Street Certified launches effort for formerly imprisoned Georgians to vote

Street Certified, New Georgia Project Launch Effort to Register Formerly Incarcerated Georgians to Vote Ahead of Senate Runoff 

Led by formerly incarcerated activists, the partnership aims to activate 4.2 million returning citizens in the state who are eligible to vote

ATLANTA – Ahead of the Georgia Senate runoff, Street Certified and New Georgia Project announced they are partnering to mobilize over 4.2 million returning citizens in the state to vote and wield their power in January’s consequential election.

Formerly incarcerated citizens have long been shut out from the democratic process, whether through unjust laws, institutional barriers, or social stigma. In Georgia, however, the vast majority of returning citizens have the legal right to vote, but historically have not been engaged in a meaningful way by campaigns or other organizations. Street Certified is working to change that.

“Formerly incarcerated people should have a voice in the decisions that affect them. But all too often shame, embarrassment, and negative connotations of having a criminal record hinder formerly incarcerated people from engaging in civic duties such as voting, said Marlon Chamberlain, an organizer with Street Certified. “Ahead of a critical election, our campaign hopes to encourage formerly incarcerated people to get out to vote. Long term, we aim to shift public attitudes away from narratives that criminalize and dehumanize people who have been impacted by the legal system, toward attitudes that prioritize the dignity of returning citizens and honor the expertise of directly impacted communities. Together, our quality of life and prosperity depend on how we work together and support each other.”

Formerly incarcerated people contribute significantly to the Georgia economy, both as consumers and taxpayers — however, voter suppression and intentional disengagement has left millions of Georgians with past convictions without political power or proper representation to influence policy that affects them.
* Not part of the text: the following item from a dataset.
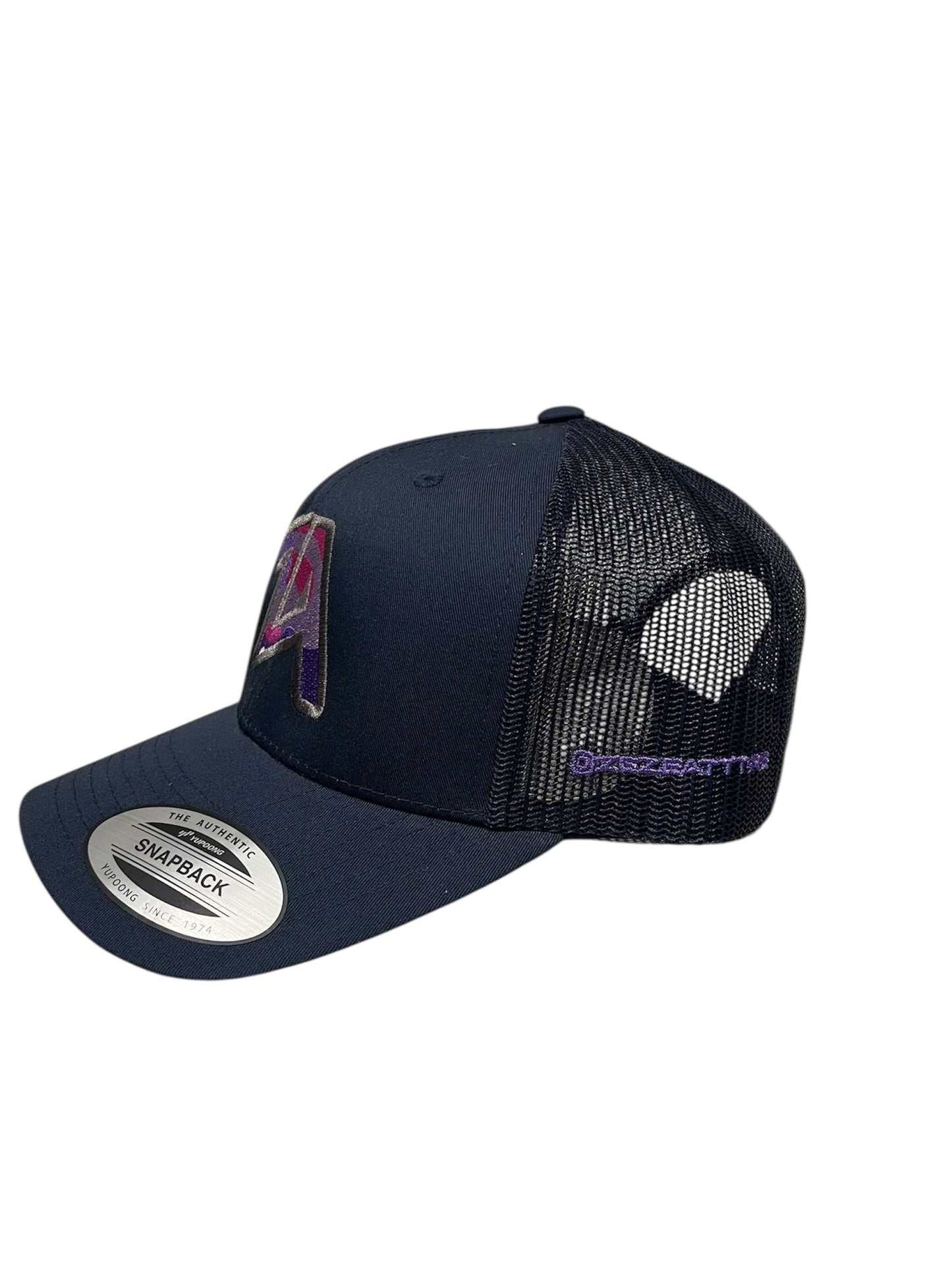 ZEZE ATTIRE ‘ZA’ CAMO CAP (NAVY)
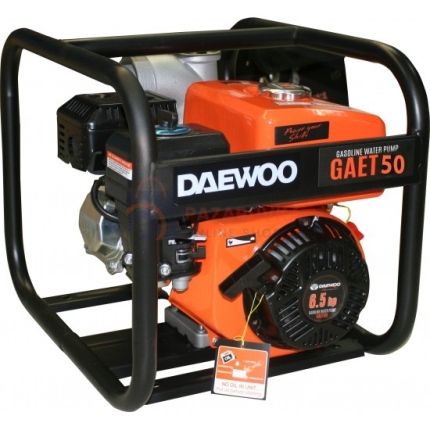БЕНЗИНОВА ВОДНА ПОМПА DAEWOO GAET50 – 6.5 HP, 30 M³/H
“I’m a convicted felon and I vote. My vote is my voice and my voice is my power,” said Pamela Wynn, founder of RestoreHer US.America. “Uplifting equality and power to people is why I do this work.”

“I caught a charge but I still have a voice. And it’s the voices of those who are directly impacted that should be the loudest in the movement when it comes to issues that impact us,” added Charlotte Garnes, executive director ReNForce.

New Georgia Project has continued to be a key player in voter registration and mobilization efforts for Black and Brown communities. In this effort, they are partnering with Street Certified, a coalition of formerly incarcerated leaders across the LIVE FREE network that supports a pipeline of development and well-being for returning citizens across the country and works to pass policies that end mass incarceration in America. The coalition operates under the principle that those who are closest to the pain have the most to teach us about how to bring about liberation for all. This includes ensuring they have a voice in the political system.